> [Task description] Below are records; extract exactly the lines from the one with "Edition PINK BNWT🔥" through the final line, including both, but drop the pictures.

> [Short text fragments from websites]
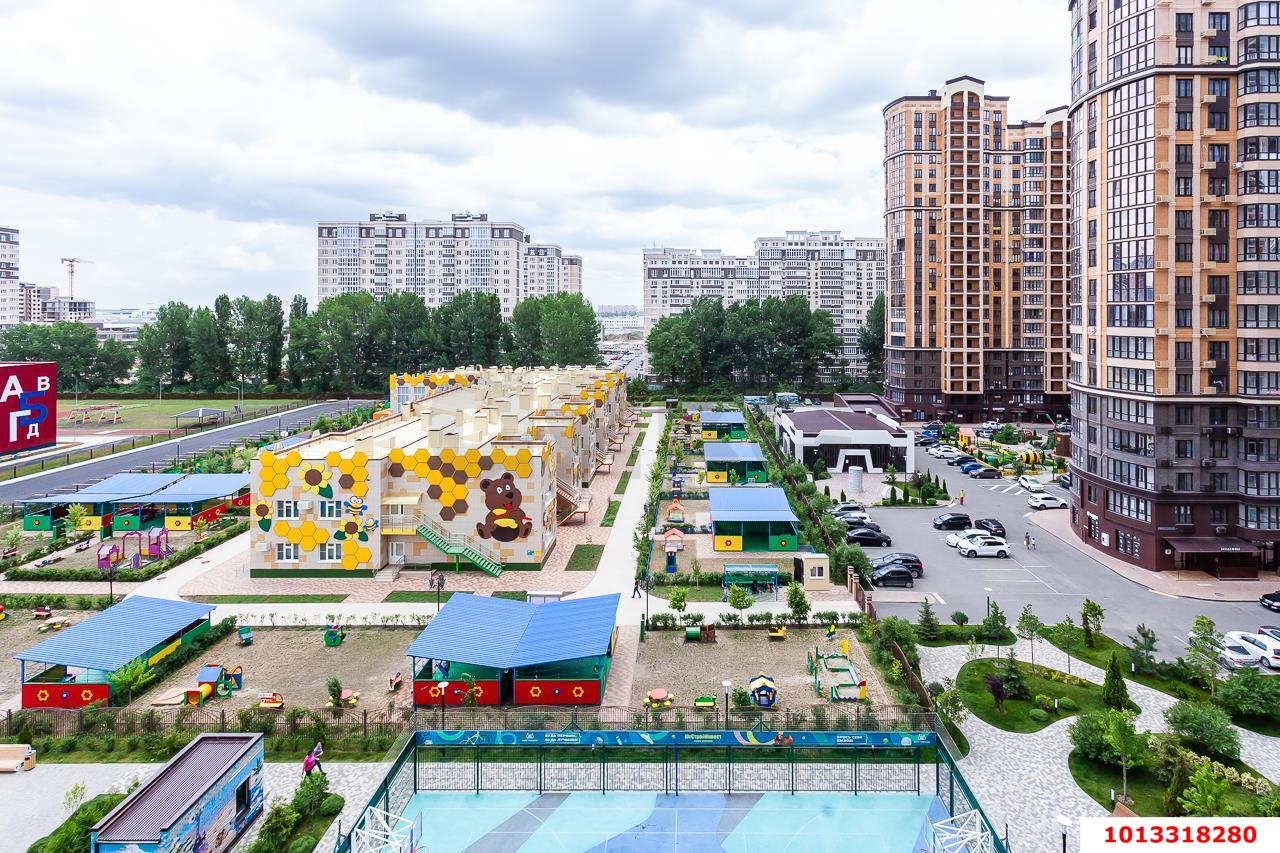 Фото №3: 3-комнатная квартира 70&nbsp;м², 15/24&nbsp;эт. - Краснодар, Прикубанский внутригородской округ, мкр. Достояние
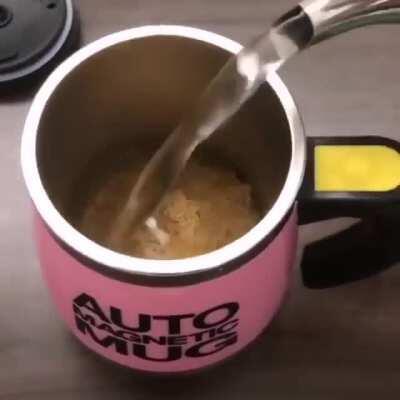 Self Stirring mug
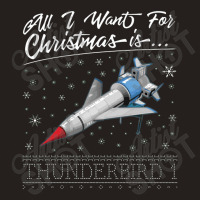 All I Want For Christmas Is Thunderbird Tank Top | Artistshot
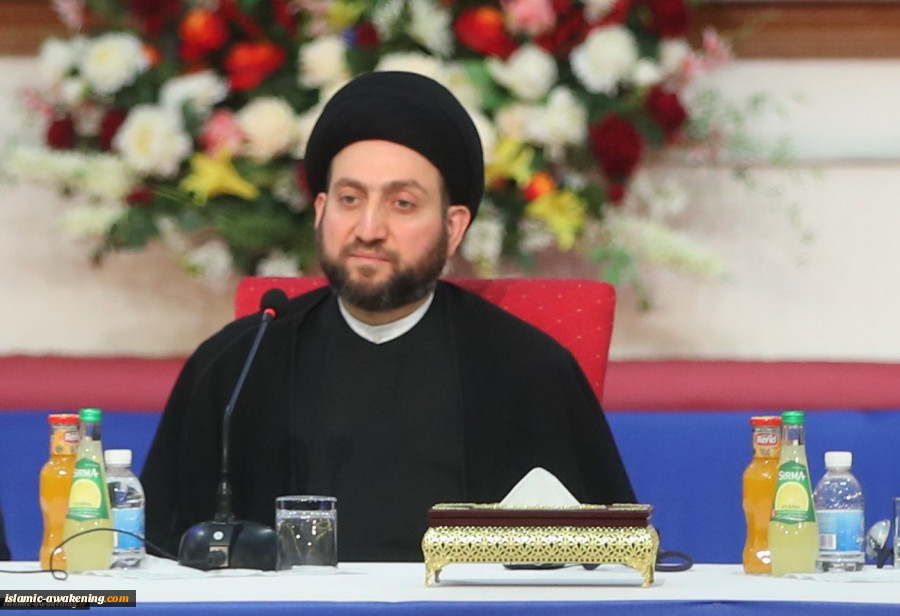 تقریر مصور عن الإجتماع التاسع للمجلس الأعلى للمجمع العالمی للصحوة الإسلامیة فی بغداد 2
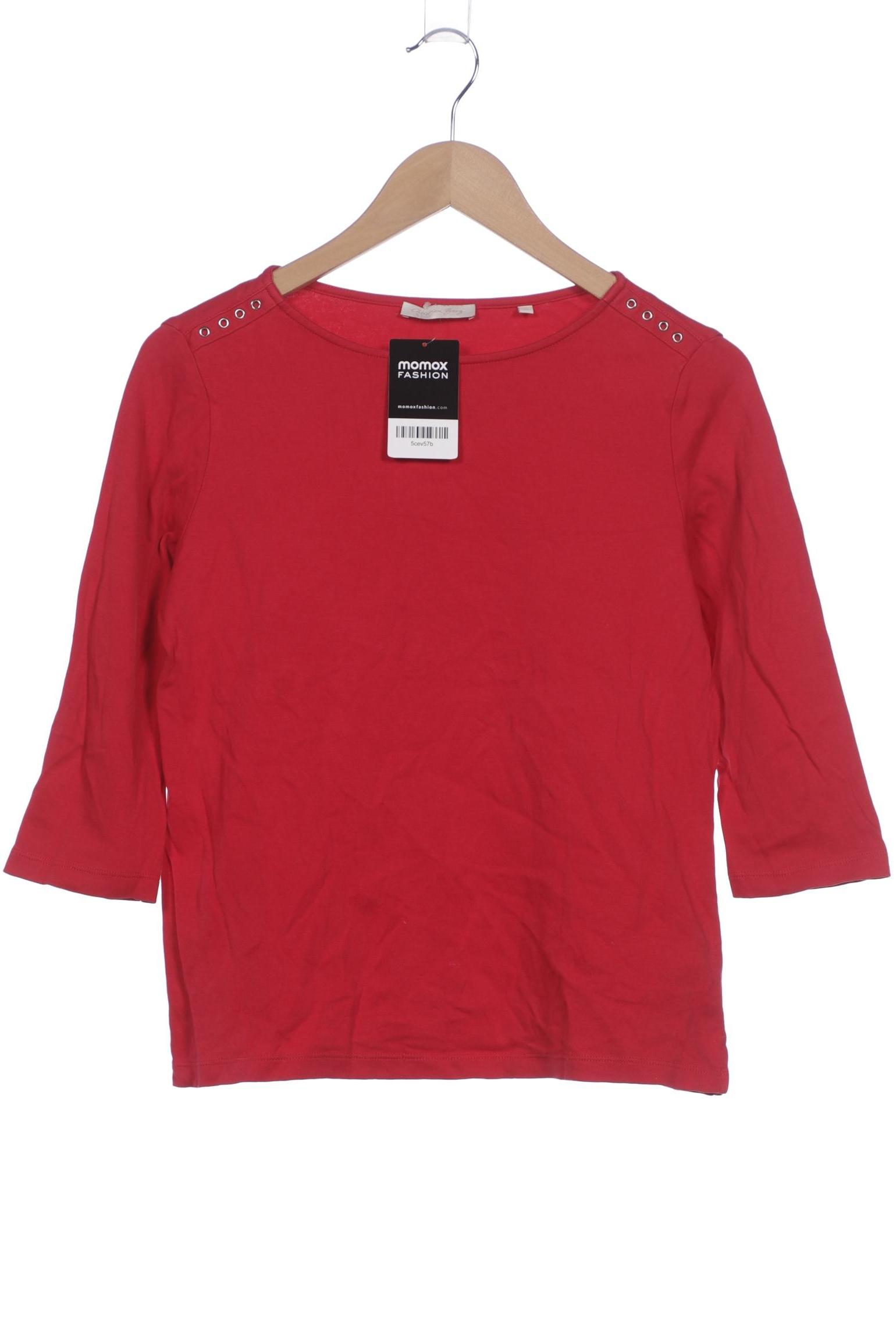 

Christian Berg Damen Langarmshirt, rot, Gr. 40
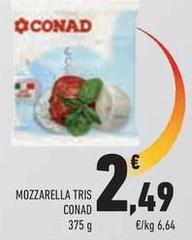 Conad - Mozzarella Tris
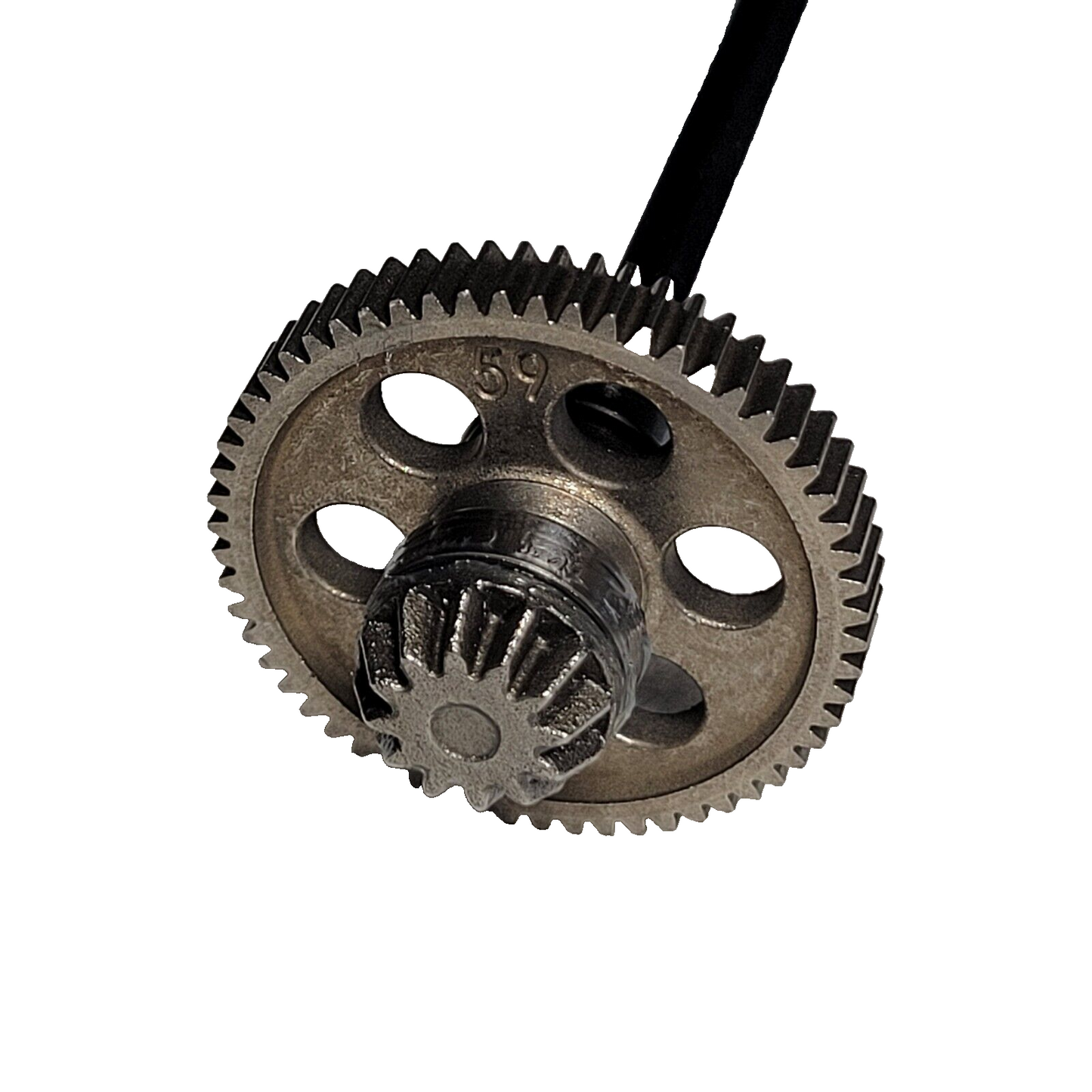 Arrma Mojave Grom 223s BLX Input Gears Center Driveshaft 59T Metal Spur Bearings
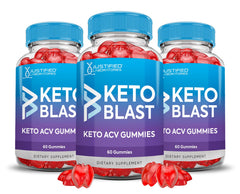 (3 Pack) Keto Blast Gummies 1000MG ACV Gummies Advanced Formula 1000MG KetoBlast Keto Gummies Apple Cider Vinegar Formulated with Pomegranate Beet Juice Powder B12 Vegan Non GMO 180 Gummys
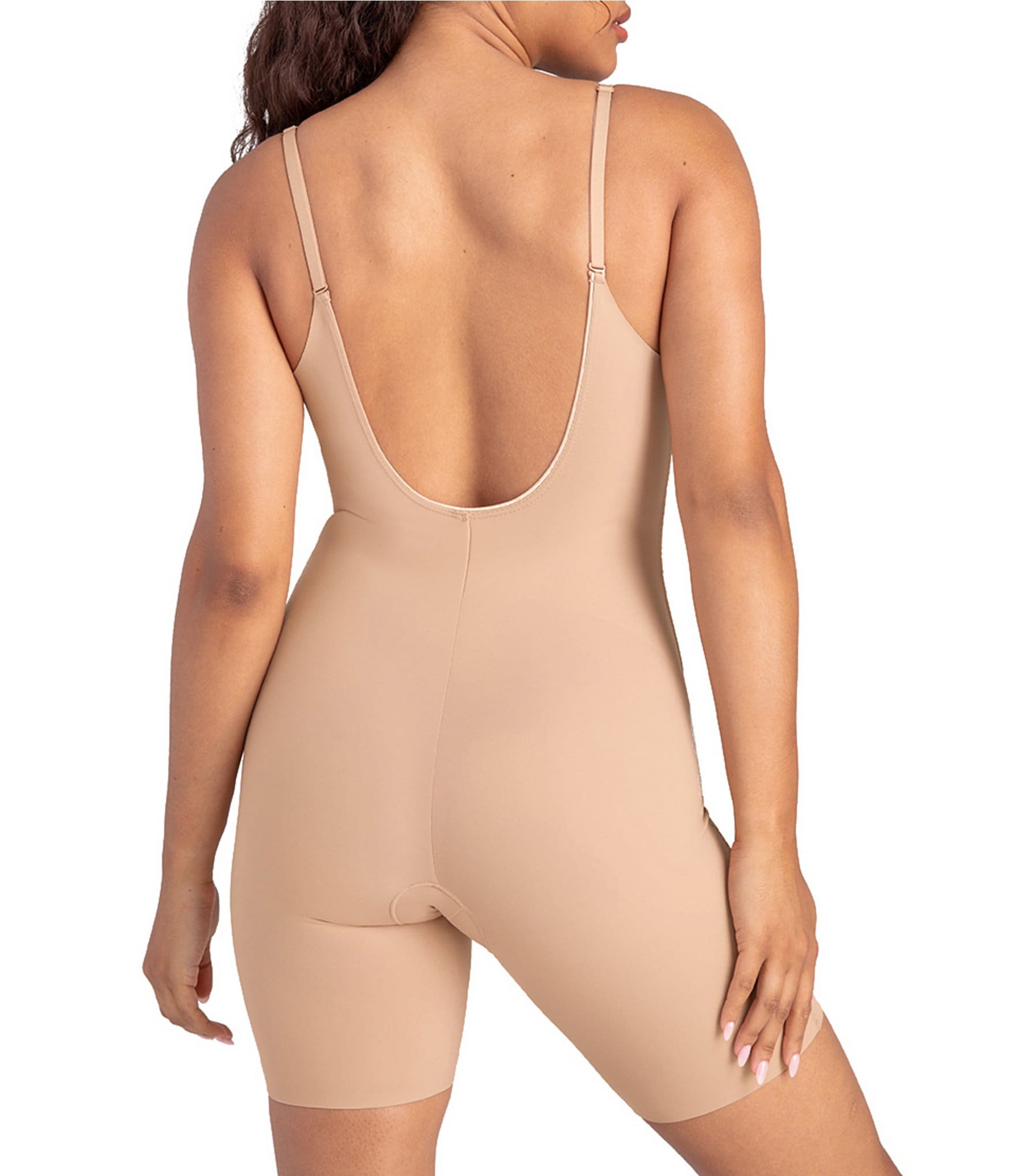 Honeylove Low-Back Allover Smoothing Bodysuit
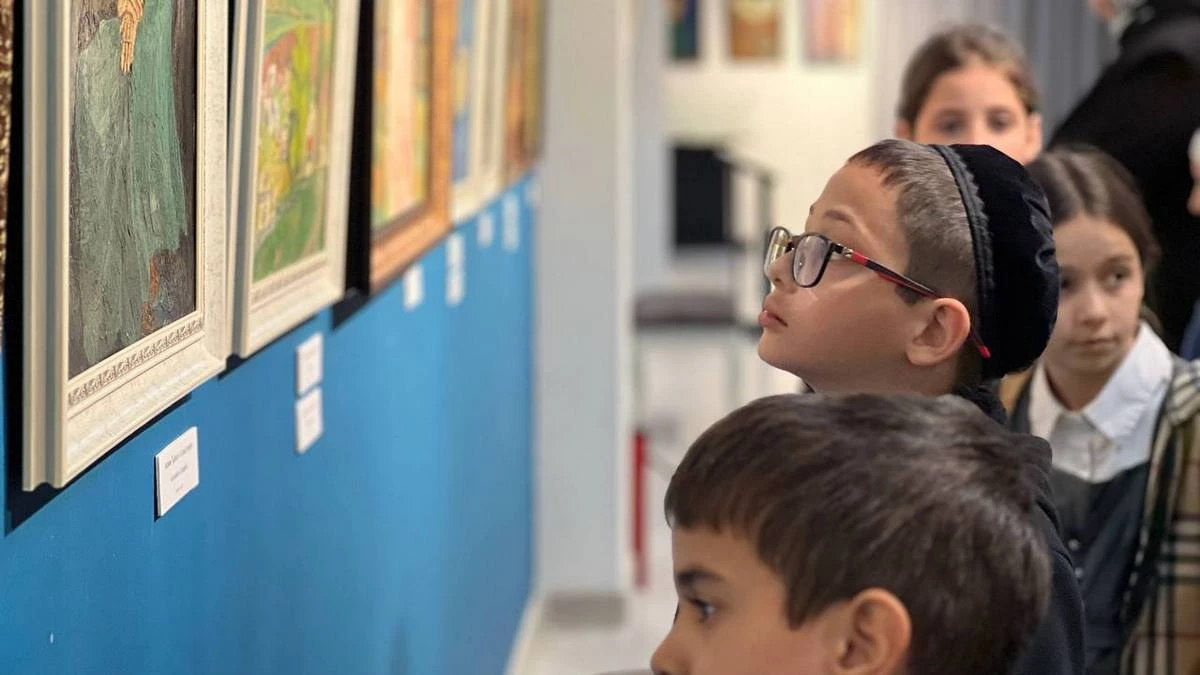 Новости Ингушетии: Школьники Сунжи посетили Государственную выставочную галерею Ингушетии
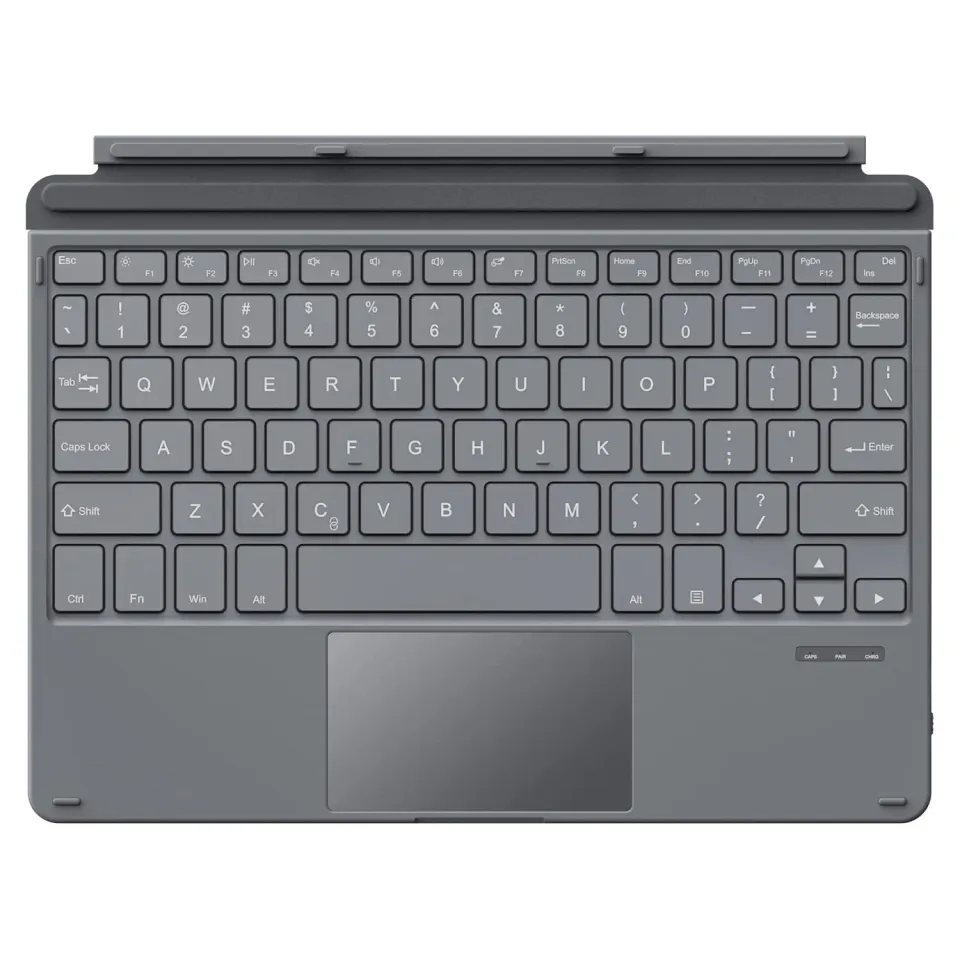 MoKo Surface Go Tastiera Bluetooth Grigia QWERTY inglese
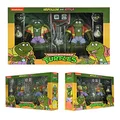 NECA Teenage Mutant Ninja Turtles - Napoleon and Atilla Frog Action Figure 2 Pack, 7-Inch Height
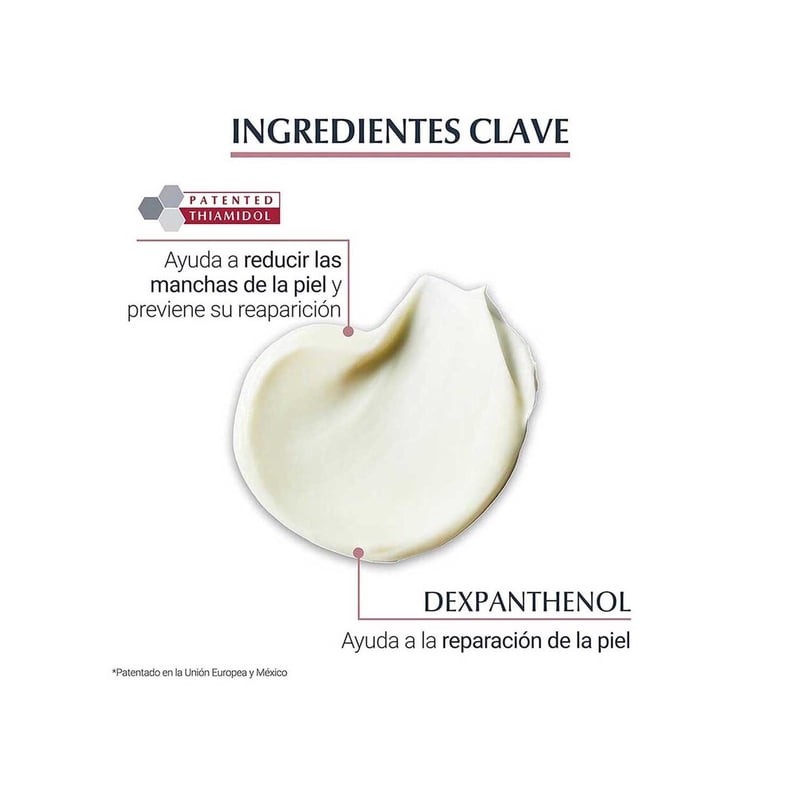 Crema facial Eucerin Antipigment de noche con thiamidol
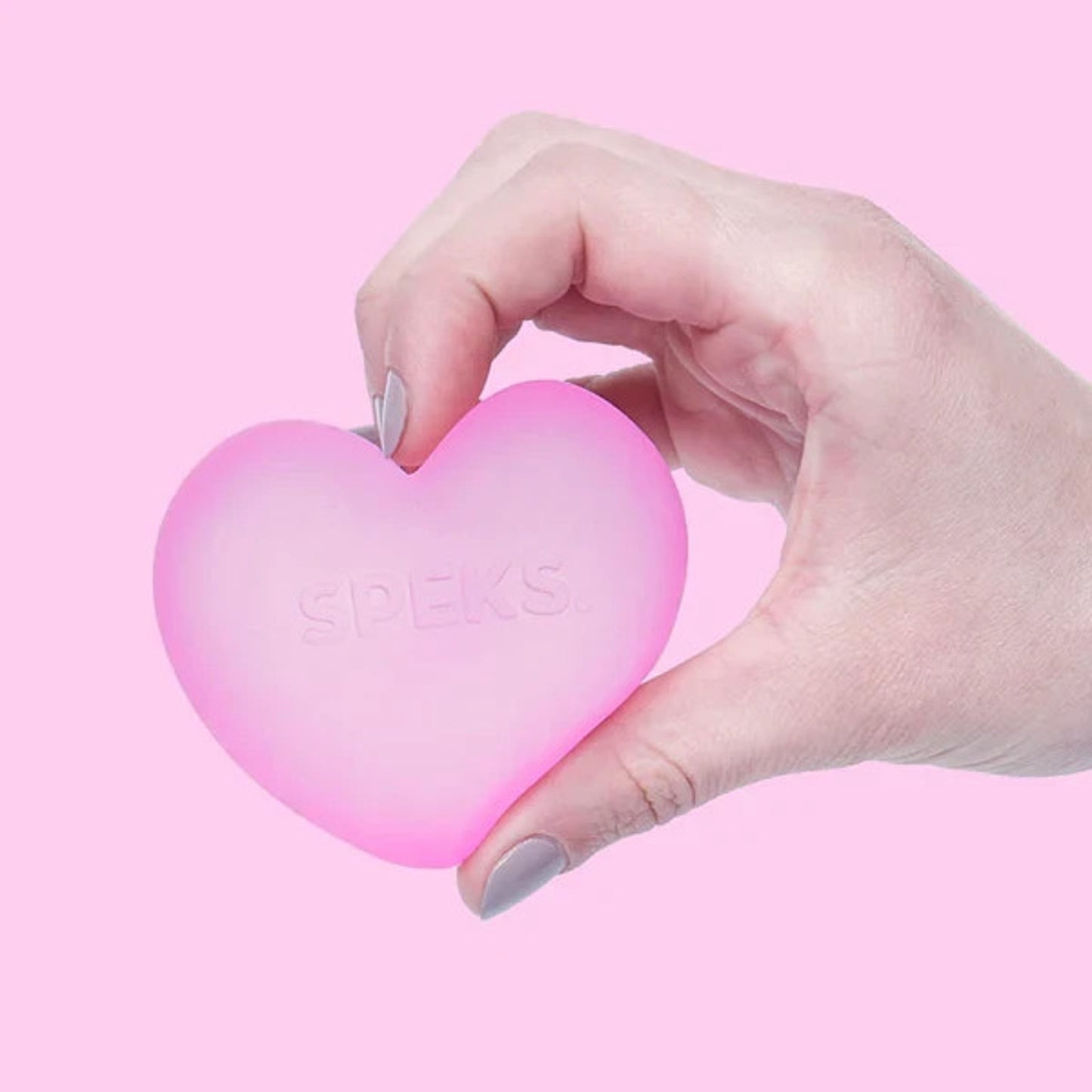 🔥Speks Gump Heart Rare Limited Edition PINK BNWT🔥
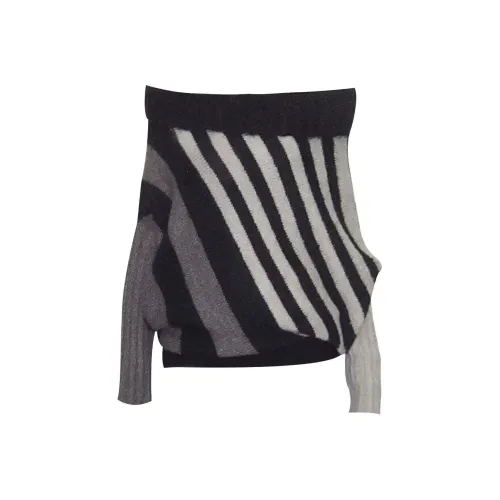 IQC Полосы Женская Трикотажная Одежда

> [Answer to the problem]
 🔥Speks Gump Heart Rare Limited Edition PINK BNWT🔥
 IQC Полосы Женская Трикотажная Одежда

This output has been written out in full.